Thank you for this, Ian! It can at the right moment. And it is priceless.
So, here I am again, true to my word. Serendipity drew my eye to this essay. I am just months out from a ghosting at the end of a relationship that created for me a withdrawal that is to all intents and purposes described by your very essay. Firstly I can acknowledge that I know that you know. You would not have been able to scribe such a deeply architectural piece with having had such an experience. That said, not everyone ( myself included) could parse out such a delicate yet robust map of such a harrowing time. I 'felt' this. Every word. I am in there right now. Easing myself towards this knowing. "You are no longer the rejected. You are the escaped. The survivor. The sovereign. The rebuilder of your own inner architecture." Thank you. I draw real comfort from this writing. I am shattered by the experience of recognising how I idealised her and in truth, others before. How I created a goddess 'out there' that was equal in size to the hole inside me that birthed such seeking. Turned out that this time she she was Kali incarnate. A final destruction. My inner architecture razed to the ground so that now the only way left is to rise. Slowly slowly catches the monkey. One step in front of the other. In September of this year I will begin a series of weekend retreats with men to explore that inner architecture more deeply and continue the rebuild. This essay has given me feathers. No penguin this time. More Eagle. And high flight. Bless you for your words.
Thank you, Paul, for meeting my words with such full-hearted presence, and for answering them with the weight and clarity of your own truth!
There is courage in the way you name what most try to escape, not the ghosting, but the idealisation, that silent architecture of longing we build in the absence of what we most crave. To see the goddess we created turn out to be Kali is no small reckoning. But as you’ve so beautifully recognised, Kali doesn’t come to punish. She comes to liberate. Through the fire, not around it. Through the ruin, not despite it.
And what you’re doing, turning the shards into scaffolding for others, is precisely what I meant by the sovereign. A man who doesn’t run from the wreckage but walks it like sacred ground. You are already that man.

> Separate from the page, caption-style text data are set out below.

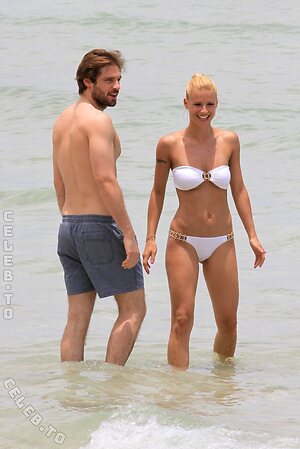 Michelle Hunziker Nude Leaked Photo #366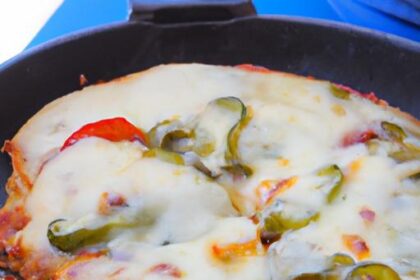 Keto Pizza Revolution: Delicious Low-Carb Crust Creations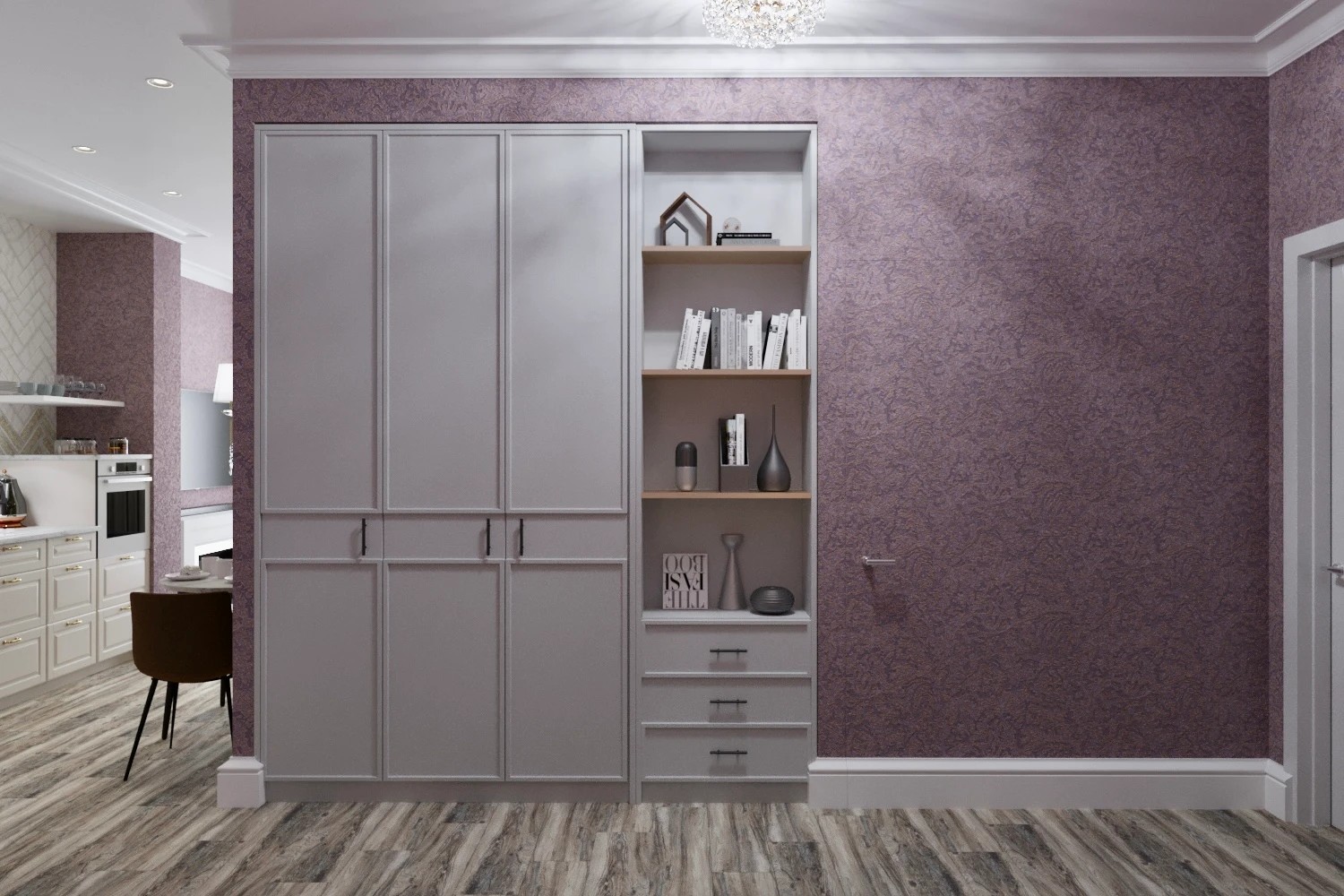 1-комнатная квартира 41 м2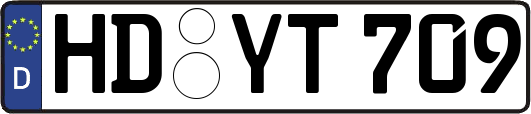 HD-YT709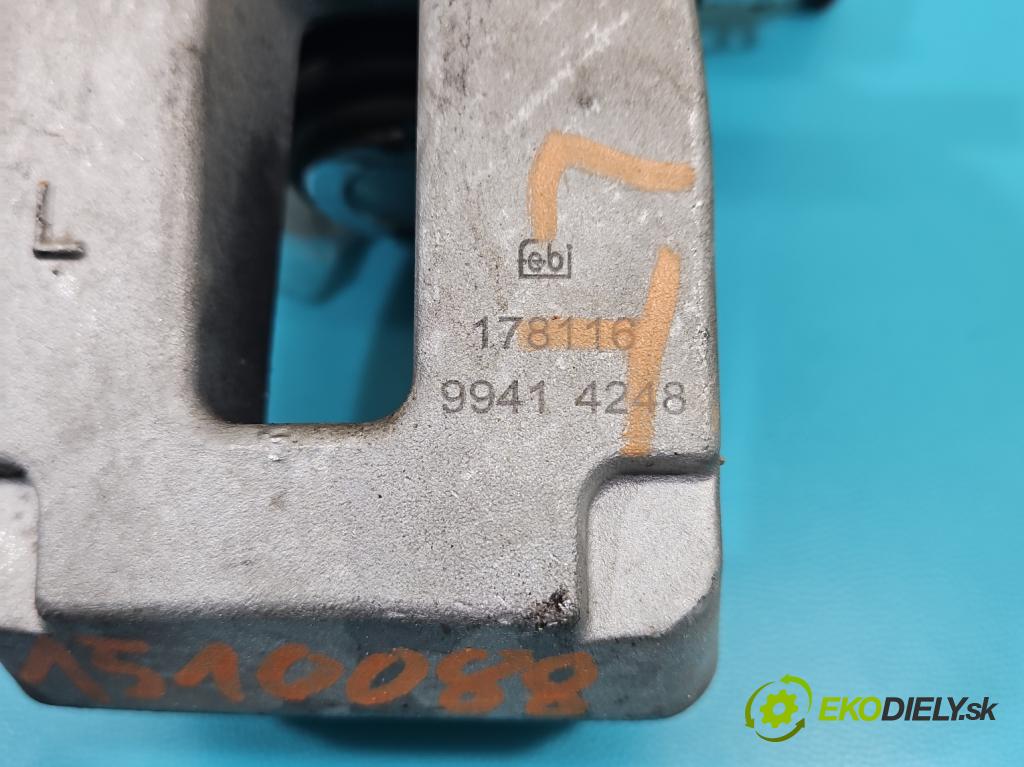 Audi A3 8L 1996-2003 1.8 T 150 HP manual 110 kW 1781 cm3 3- brzdič zadné ľavý  (Kľučka dverí ostatné)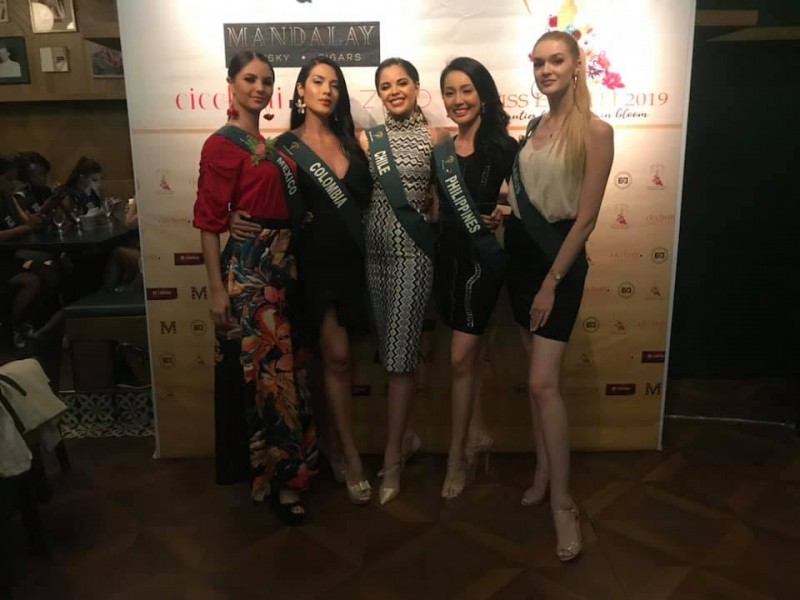 Барби-спортсменка из Беларуси получила титул «Мисс огонь» на конкурсе красоты «Мисс Земля»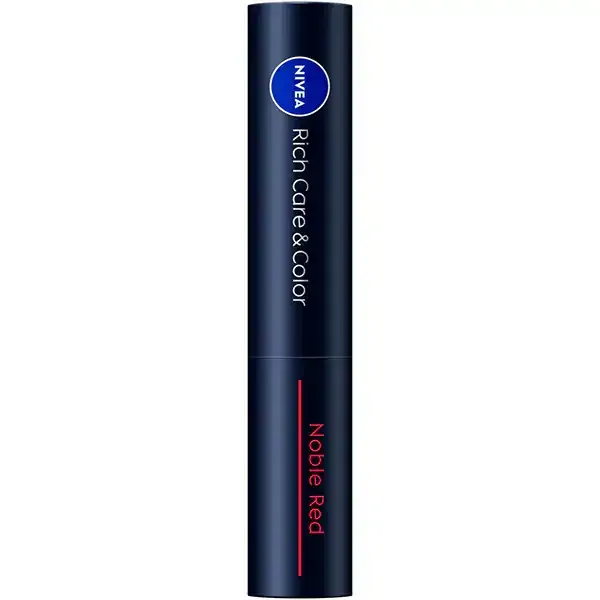 니베아 NIVEA 니베아 리치 케어 & 컬러 립 색 지속 타입 노블 레드 [립 크림]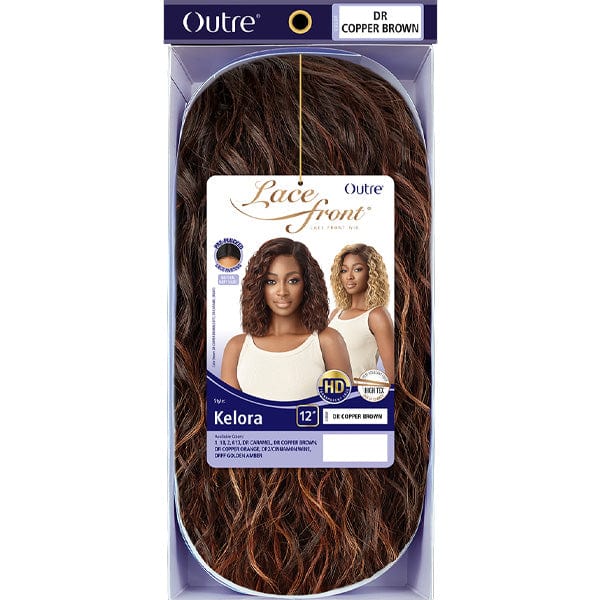 Outre Synthetic Swiss HD Lace Front Wig - KELORA - Mose Wig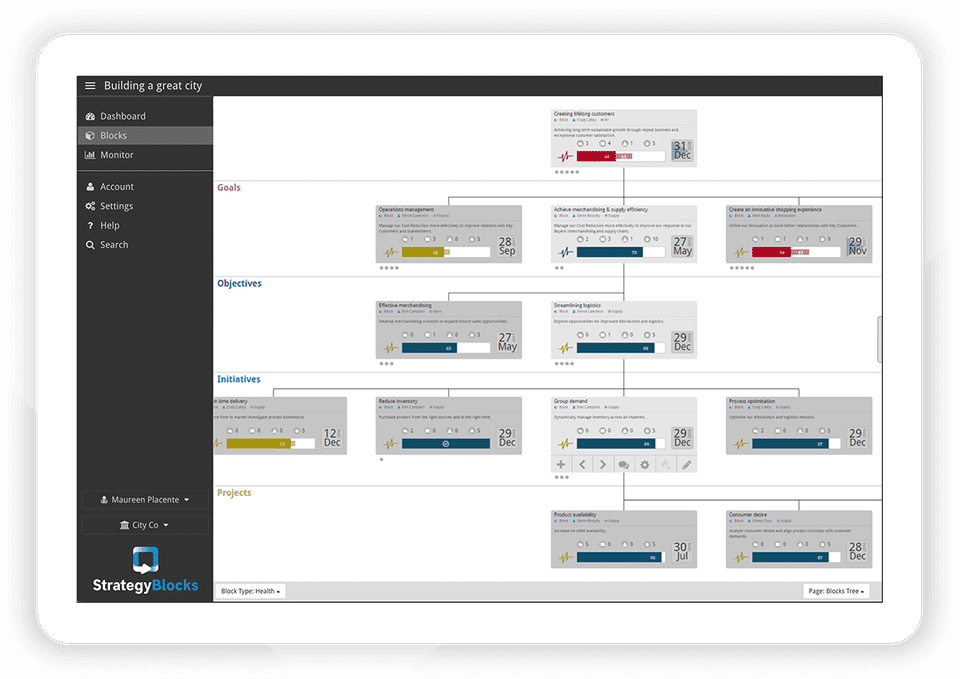 StrategyBlocks 4.0 simplifies strategic planning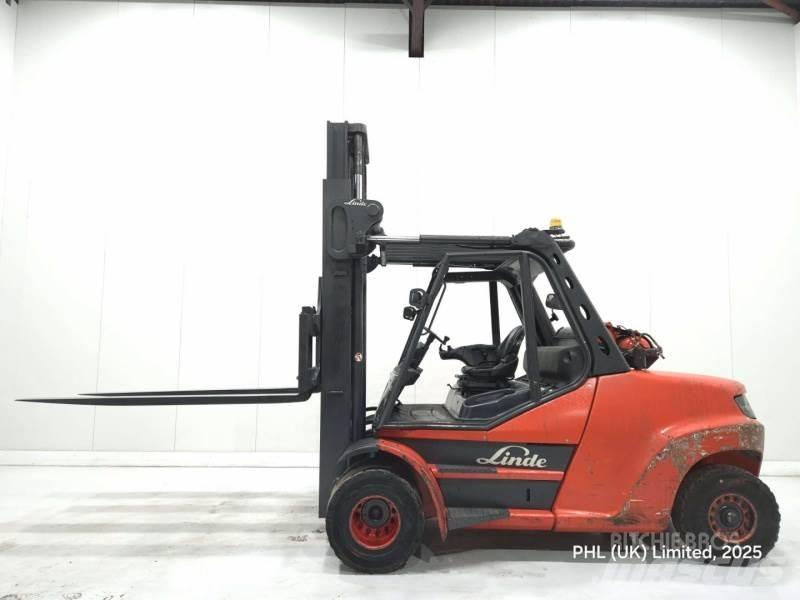 Linde H80T-02/1100 (RENTAL) Gasstapler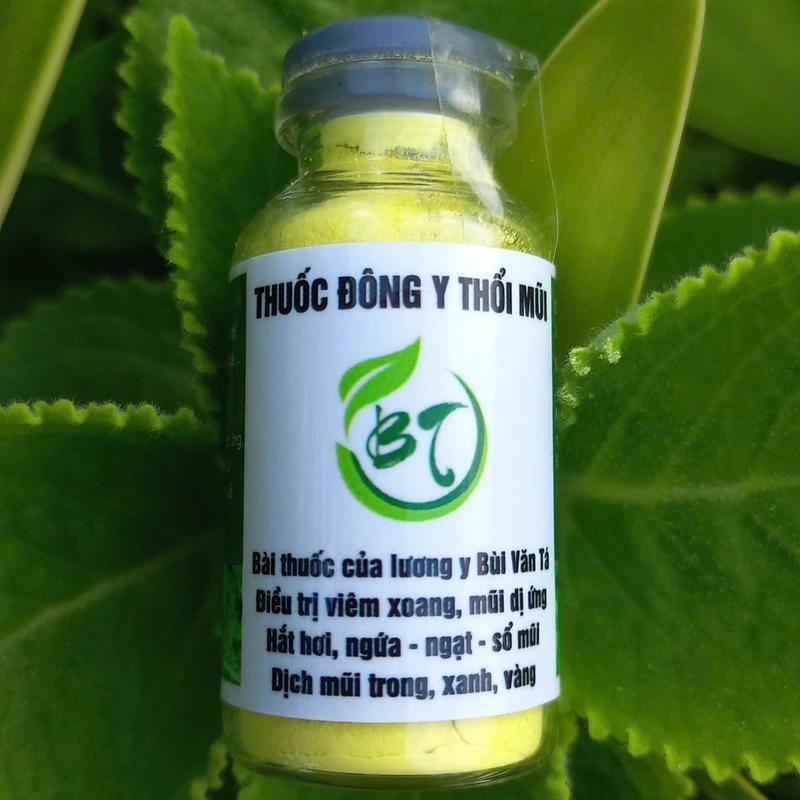 Bột thổi Xoang Mũi 1 Lọ (30g) - Hỗ trợ giảm triệu chứng dị ứng, ngứa mũi, nghẹt mũi và xoang mũi 1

September will be a threshold. What you’re initiating is rare… few men choose to sit in a circle with their ghosts, their fathers, their heartbreaks, their inherited silences. And fewer still offer others the courage to do the same. May your weekends become bonfires for the broken and wings for the willing.
You’re right, I wrote this because I’ve been there. Once, in a spiral that only deep love, and deep loss, can carve. But I’ve come back with clearer eyes and a more finely tuned internal compass. And if I’ve learned one thing, it’s this: when the goddess turns her face away, it is not rejection. It is initiation.
So take those eagle feathers. Wear them as declaration, not decoration. You are no longer waiting to be chosen. You are choosing yourself, and in doing so, you offer the world something far rarer than romantic love, and that is the presence of a man who has walked through illusion and come out radiant.
Fly high!
Cry in cashmere is my favorite! This nonreciprocal love is a preparation for self-love. It teaches us that the love we may receive is proportional to the love we may give ourselves. So within, so without. This inner journey or inner consuming in fire is essential for the birth of newness centered in self-love. We love to the extent we love ourselves, primarily as women representing the womb and cradle of love. Love love this reading. Thanks
Yes, “cry in cashmere” indeed because of the softest unraveling of something once imagined eternal. And yes, nonreciprocal love as a crucible for self-love is a brutal but alchemical truth. It melts our illusions with surgical heat.
I’d add this, perhaps it’s not just about how much love we give ourselves, but the quality of that self-love. Not performative affirmations, but the kind forged in lonely hours, in silence, in choosing not to text him back because you finally trust your own worth more than his fleeting attention. For women especially, conditioned to be caretakers of everyone else’s emotions, learning to cradle our own is radical. Self-love is not a retreat!
Thank you for seeing the fire, and not turning away.